== Problem to solve ==
Transcribe exactly the lines from the first line of the records through the line containing "Blushing Bay 3", and leave out every picture.

[Saved entries]
--- --- ---

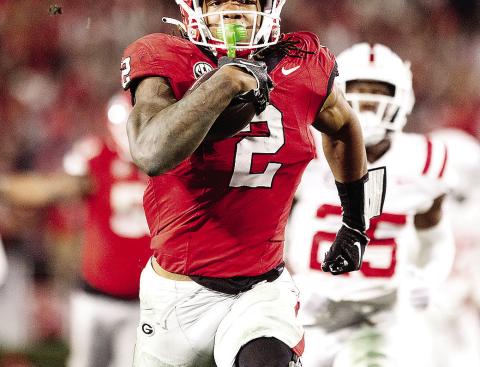 Senior running back Kendall Milton (2) had the breakout game of his career against Ole Miss in Athens, rushing for 127 yards and two touchdowns on nine carries. ZAK ROBINSON PHOTOGRAPHY/Contributed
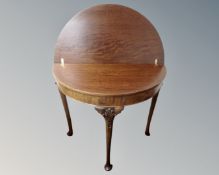 A Victorian style mahogany turnover top D-shaped table.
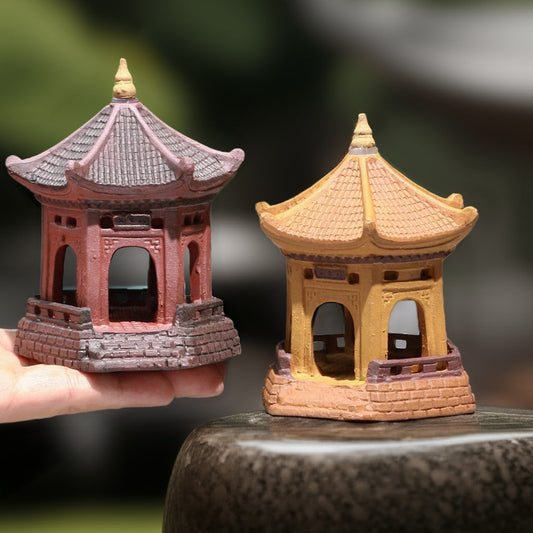 Two miniature pagoda statues, one yellow and one red, side-by-side. Great bonsai decoration.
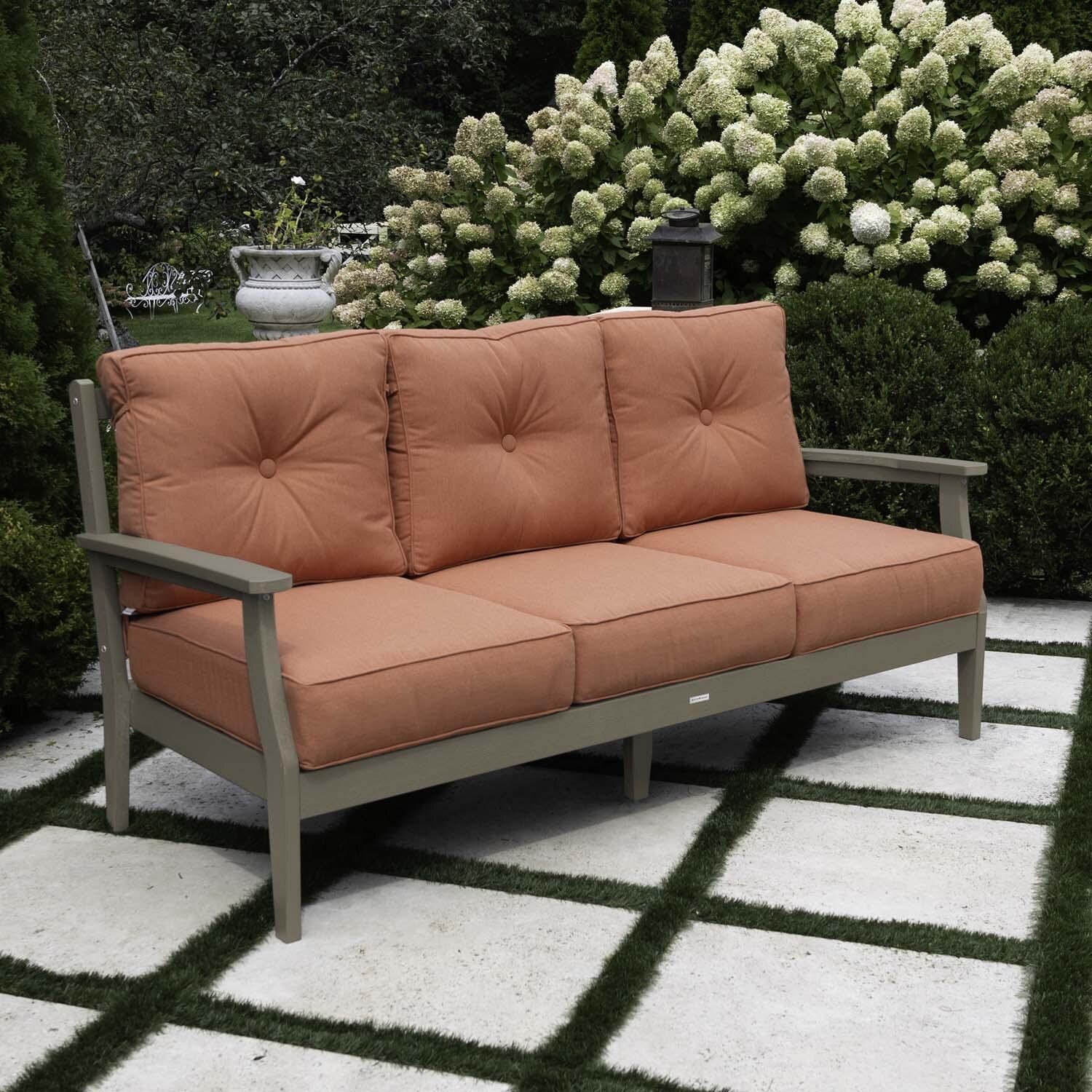Blushing Bay 3 Person Recycled Plastic Sofa in Canvas Persimmon/Woodland Brown by Lakeview Outdoor Designs - Left Angled - Lifestyle thumbnail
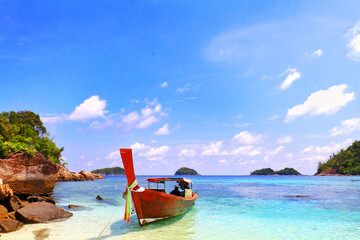 Obraz premium A wooden boat at the beach with blue sea, white cloud in blue sky, nobody and more space for copy paste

--- --- ---

== Result below ==
 Senior running back Kendall Milton (2) had the breakout game of his career against Ole Miss in Athens, rushing for 127 yards and two touchdowns on nine carries. ZAK ROBINSON PHOTOGRAPHY/Contributed
 A Victorian style mahogany turnover top D-shaped table.
 Two miniature pagoda statues, one yellow and one red, side-by-side. Great bonsai decoration.
Blushing Bay 3 Person Recycled Plastic Sofa in Canvas Persimmon/Woodland Brown by Lakeview Outdoor Designs - Left Angled - Lifestyle thumbnail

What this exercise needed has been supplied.